Canada sweeps gold in relays, adds two individual medals at short-track World Cup
MONTREAL — Danaé Blais raised her arms in celebration just before crossing the finish line, certain she’d just brought home gold for Canada in the women’s 3,000-metre relay.
She was right in that assumption, but the razor-thin margin by which she, Courtney Sarault, Renée Steenge and Florence Brunelle won left the result in some doubt to the spectators looking on.
In the end, Canada’s time of four minutes 7.935 seconds beat the second-place United States by 0.013 and the third-place Netherlands by 0.045.
“I think I celebrated a little too early,” said Blais. “I gotta be careful because sometimes you can get caught at the finish line.”
Canada swept the relays and won two individual medals Sunday in the first ISU World Cup short-track speedskating event of the season.
Blais’s teammates had little doubt the 24-year-old from Chateauguay, Que., had finished the job.
“I knew we won, so when she celebrated I was like, ‘go off, as you should,'” said Sarault.
The Canadian men — the reigning Olympic champions — built off that momentum as William Dandjinou, Steven Dubois, Pascal Dion and Jordan Pierre-Gilles captured gold in the 5,000-metre relay.
The hometown crowd at Maurice Richard Arena jumped to its feet as Dandjinou skated home on the final lap. South Korea took silver and Japan collected bronze.
Pierre-Gilles said starting the season with a gold medal should put the other countries on notice.
“I think we’ve been sending a message for quite awhile,” he said. “We’re putting some weight behind that message now.”
Although the double gold was a perfect end to the weekend, the Canadians had hoped to achieve more on an individual level.
Canada finished with three individual medals — one on Saturday — all of which came from the men’s side.
Coach Sebastien Cros said he saw signs of progress despite not meeting their podium expectations.
“It ended well today with the relays,” Cros said. “Individually, it’s a little disappointing in terms of the result, but from what we saw in the races on the whole, it’s not too bad.
“That little error, that little detail we missed made it so on an individual level. We could have done a little better. We’ll try next week to do a little better on that.”
Felix Roussel of Sherbrooke, Que., earned silver in the men’s 500 metres, finishing half a skate blade behind reigning Olympic champion Liu Shaoang of China. French skater Quentin Fercoq took bronze.
It was the first time Roussel had claimed silver in an individual World Cup event, and a first medal on home soil.
“It’s crazy. My family was here, my friends, my girlfriend, I was just really happy they could live this moment with me,” he said. “When you’re on the other side of the world there’s a time difference, it’s less available on television.”
Dandjinou, of Montreal, picked up a bronze in the second men’s 1,000-metre event of the weekend.
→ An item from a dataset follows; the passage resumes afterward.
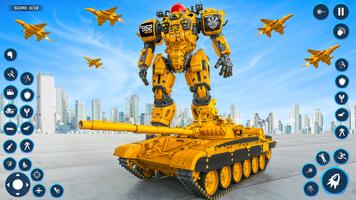Tank Robot Car Transform Cartaz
South Korea’s Gun Woo Kim captured gold and Italy’s Luca Spechenhauser took silver.
The 22-year-old Dandjinou, who won the Canadian national championship earlier this month, was in second place coming down to the final laps, but attempted to gain first and ultimately fell back to third.
“It was incredible,” he said. “But of course I would’ve liked to give them a nicer colour.”
“He was second, he could’ve stayed there, but he tried to win,” added Cros. “It didn’t work out but this state of mind, this attitude is what we want to have as a team, because at the end of the day that’s how we’re going to win races.”
Three-time Olympic medallist Dubois was the only Canadian to earn some hardware on Saturday with a silver medal in the first men’s 1,000-metre event.
Canada came close to finding the podium on two other occasions Sunday.
Fredericton’s Rikki Doak was fourth in the women’s 500-metre final and Sarault, from Moncton, N.B., finished fourth in the women’s 1,000-metre final.
“(The results) show the depth we have on the men’s side, on the women’s I think there’s a little missing but that will come,” said Cros.
Sarault, Canada’s national champion on the women’s side, said she wasn’t feeling at her best physically throughout the weekend.
“I wouldn’t say it was my best competition ever,” she said. “But I still made the A final and got a fourth place … so I’m proud of how I guess I managed how I’m feeling, but I’m definitely going to not do anything next week. Just recover and regroup.”
Sarault was one of 12 Canadian skaters in the event as 33 countries and 184 athletes arrived in Montreal for the first two World Cup events this season. Skaters will return to Maurice Richard Arena next weekend for the second competition.
Some Canadian skaters will then take part in a third consecutive competition at home as Laval, Que., hosts the Nov. 3-5 Four Continents speedskating championships at Place Bell.
Cros believes there will be some better individual results before the short-track circuit leaves Canada.
“Everything we worked on in training, we see it’s there, we see we’re close,” he said. “It’ll take a little refinement, so that’s positive.”